The Newbie’s Guide to Pick-Up Basketball in Brooklyn
7. Do the little things: Particularly if you’re not the second coming of Jesus Shuttlesworth. This means boxing out, hustling for loose balls, setting good screens, playing real defense, and never dogging it. People will notice that you’re a pain in the ass to play against and they’ll want you on their team next time.
8. Befriend the mayor of the court: The mayor of the court usually isn’t the best player there—he’s the one who talks the most. He’ll probably give you a disparaging nickname within five minutes of playing. (We also love when nicknames get whittled into further nicknames, for example, we once went from “Billy Bob” to “Bobby McGee” to just “Bobby.”) If he likes you, it’ll make it easier for you to get into games.
9. Watch your mouth if there are little kids around: Yeah, we know how eight-year-old Brooklyn kids talk every day, we hear it too, but that doesn’t mean you get to lose your shit after missing a gimme; don’t yell MOTHERFUCKER right beside the playground, you are not Bill Laimbeer.
10. Be a little tougher on tall Europeans who take smooth mid-ranger jumpers: Just cuz, fuck those guys. N.B. These players are most commonly found in Williamsburg.
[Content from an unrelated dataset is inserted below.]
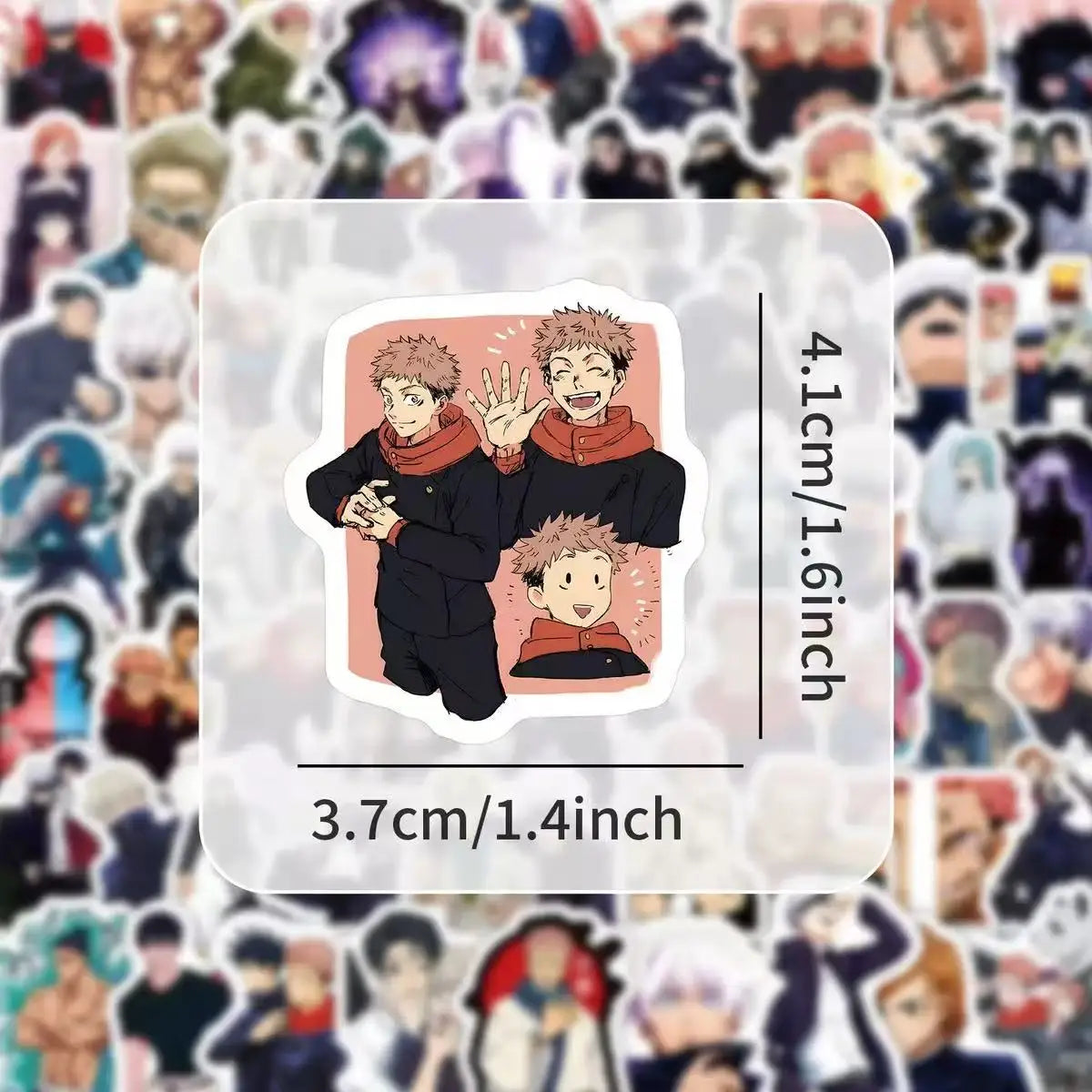100PCS Jujutsu Kaisen Pattern Graffiti Stickers DIY Waterproof Decals For Luggage Phone Cases and Personalized Decoration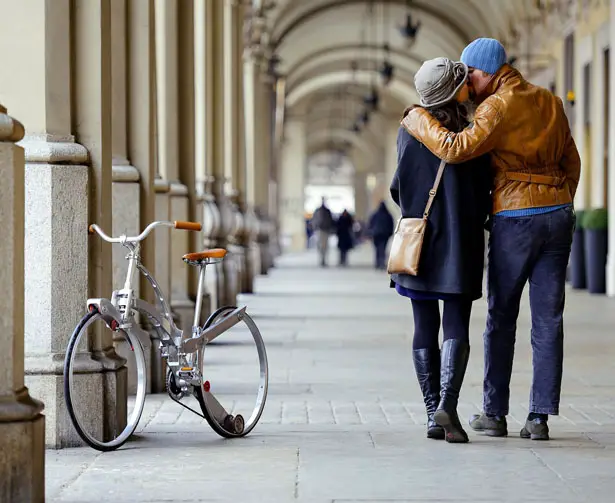 Sada Spokeless, Foldable Bike by Gianluca Sada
11. Play with people better than you: This is related to “always say yes to games” above. It’s the only way you’ll get better.
12. Be yourself: If you identify more with Hoosiers than He Got Game, it’d sound pretty silly for you to be saying things like, “Yo, gimme the rock!” wouldn’t it?
13. Easy on the gear: Save the full Nets uniform plus tear-aways for the intimacy of your couch.